La religione centra poco. Hamas non ha vinto perchè in Palestina è in atto una rivoluzione islamica e nemmeno questa vittoria potrà innescare un fenomeno del genere, anche se pare chiaro che molte cose potranno cambiare. È vero che centinaia di bandiere verdi sventolano sulle moschee della Cisgiordania e di Gaza ma non è attraverso i muezzin che Hamas ha vinto. Se si volesse liquidare in poche parole la questione si potrebbe dire che è la disperazione unita alla voglia di dire basta che ha concentrato la grande massa di voti (compresi quelli di Al Fatah) sulla formazione islamica. Uno schiaffo ad Abu Mazen e all’ANP, uno schiaffo anche alla sinistra radicale che schiacciata fra i due schieramenti scende sotto il 3% e infine uno schiaffo agli Stati Uniti che speravano nella riconferma di un governo facilmente controllabile pronto a condannare fermamente qualsiasi atto di resistenza armata popolare.

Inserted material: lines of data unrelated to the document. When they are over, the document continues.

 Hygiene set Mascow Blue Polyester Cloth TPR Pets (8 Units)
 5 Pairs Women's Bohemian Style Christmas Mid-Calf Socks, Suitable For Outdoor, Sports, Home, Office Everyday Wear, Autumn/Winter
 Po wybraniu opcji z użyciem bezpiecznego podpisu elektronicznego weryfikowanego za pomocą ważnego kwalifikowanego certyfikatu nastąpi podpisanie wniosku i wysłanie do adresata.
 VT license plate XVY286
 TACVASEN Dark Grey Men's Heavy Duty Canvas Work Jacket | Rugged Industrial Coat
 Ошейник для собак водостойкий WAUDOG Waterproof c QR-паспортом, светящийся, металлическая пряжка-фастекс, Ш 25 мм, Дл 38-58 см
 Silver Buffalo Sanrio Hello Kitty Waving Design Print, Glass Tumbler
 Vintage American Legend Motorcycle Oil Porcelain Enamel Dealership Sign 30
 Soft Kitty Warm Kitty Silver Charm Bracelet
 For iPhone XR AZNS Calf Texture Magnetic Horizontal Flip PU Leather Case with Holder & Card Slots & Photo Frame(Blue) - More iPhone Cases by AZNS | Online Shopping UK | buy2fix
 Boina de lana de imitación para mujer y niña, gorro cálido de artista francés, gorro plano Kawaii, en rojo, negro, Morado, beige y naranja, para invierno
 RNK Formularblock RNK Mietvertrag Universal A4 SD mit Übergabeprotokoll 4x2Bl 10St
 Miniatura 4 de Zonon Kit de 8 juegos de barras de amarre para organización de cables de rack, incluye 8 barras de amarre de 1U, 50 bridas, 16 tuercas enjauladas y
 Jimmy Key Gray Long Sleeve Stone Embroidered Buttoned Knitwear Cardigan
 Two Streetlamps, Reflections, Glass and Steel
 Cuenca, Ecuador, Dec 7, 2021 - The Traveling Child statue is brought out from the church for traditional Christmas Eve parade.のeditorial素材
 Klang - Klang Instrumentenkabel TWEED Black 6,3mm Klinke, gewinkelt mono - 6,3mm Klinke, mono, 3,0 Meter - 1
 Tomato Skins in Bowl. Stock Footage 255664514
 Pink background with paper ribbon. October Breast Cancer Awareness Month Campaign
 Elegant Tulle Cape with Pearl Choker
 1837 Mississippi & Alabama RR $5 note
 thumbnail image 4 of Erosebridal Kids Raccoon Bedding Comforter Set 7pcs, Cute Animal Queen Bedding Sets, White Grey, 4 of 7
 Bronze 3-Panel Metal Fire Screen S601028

Ora cambieranno molte cose, nelle relazioni internazionali più che internamente alla società palestinese. Cambierà anche l’approccio della cooperazione e della solidarietà dei movimenti italiani ed europei. Bisognerà forse insistere ulteriormente e appoggiare fortemente quei soggetti nella società civile palestinese, che lottano dal basso per tenere aperti spazi di democrazia e libertà, spazi di rivendicazione di diritti e giustizia sociale. Sono anche queste le soggettività che devono lottare per abbattere il muro della vergogna voluto da Sharon e far si che non venga costruito un altro, culturale, religioso, estremista, dentro la Palestina che amiamo.